Questa settimana il governo deve varare il decreto sviluppo. Sarà un passaggio rivelatore. A nessuno è consentito essere così sciocco da credere che un decreto possa contenere formule magiche, capaci di far ripartire a turbo l’economia e scollarci da un regime di bassa crescita che, a parte la parentesi recessiva, dura da tre lustri. Né ha molto senso la polemica, che già si vede fra ministri, circa il “costo zero” dei provvedimenti da prendersi: chi crede che si possa spendere in deficit per sostenere la domanda non solo s’è perso qualche pagina di teoria economica, ma vive in un altro mondo. Quel che in quel decreto si dovrà leggere non è la mappa che porta a qualche nuova fonte di spesa pubblica, alimentata non si sa come, ma il tracciato attraverso il quale si possano abbattere barriere, protezioni e zavorre che imbrigliano il mercato e lo rendono asfittico.
Le mura di cinta servivano, nelle città medioevali, per difendere la popolazione durante il sonno, per proteggersi dai rischi e dagli assalti. Ma quando dentro le mura cresce la penuria il problema non è come rafforzarle, ma come uscire dal sonno e sfondare l’assedio della paura, cercando fuori le risorse per non deperire. Il nemico dell’Italia odierna è la paura. E’ il terrore di perdere privilegi e rendite che rende tutto immodificabile, salvo capire, dal punto di vista collettivo, che se non si cambia ci s’impoverisce. Il compito del governo, quindi, è quello di far bene i compiti del rigore, secondo quel che è scritto nella lettera inviataci dalla Bce (cose giuste e ovvie, qui ripetute mille volte), senza con questo azzoppare la speranza di maggiore ricchezza, che può essere alimentata con vendite, privatizzazioni e liberalizzazioni.

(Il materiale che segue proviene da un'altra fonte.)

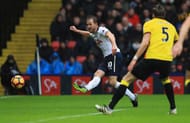 WATFORD, ENGLAND - JANUARY 01: Harry Kane of Tottenham Hotspur (10) scores their first goal during the Premier League match between Watford and Tottenham Hotspur at Vicarage Road on January 1, 2017 in Watford, England. (Photo by Richard Heathcote/Getty Images)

Faccio un esempio: è francamente ridicolo che si stia ancora a discutere delle tariffe minime amministrate dai burocrati del mondo forense, ovvero di limiti al mercato che danneggiano i giovani, non riguardano i grandi avvocati e difendono solo le rendite di chi ha banche e assicurazioni come clienti. Basta, questa commedia è durata fin troppo. Con il che, lo so già, mi sono conquistato la mia manata di mail risentite, vergate da legali che sentono minacciata la dignità della loro professione. Pazienza: noi che conduciamo da anni, anche nel loro silenzio, una battaglia per la giustizia sappiamo benissimo che il mondo funziona diversamente dall’Italia e sappiamo che quella resistenza corporativa si traduce in un costo per la collettività e un’umiliazione per il merito. Ebbene: che si veda il segno di un cambio di marcia.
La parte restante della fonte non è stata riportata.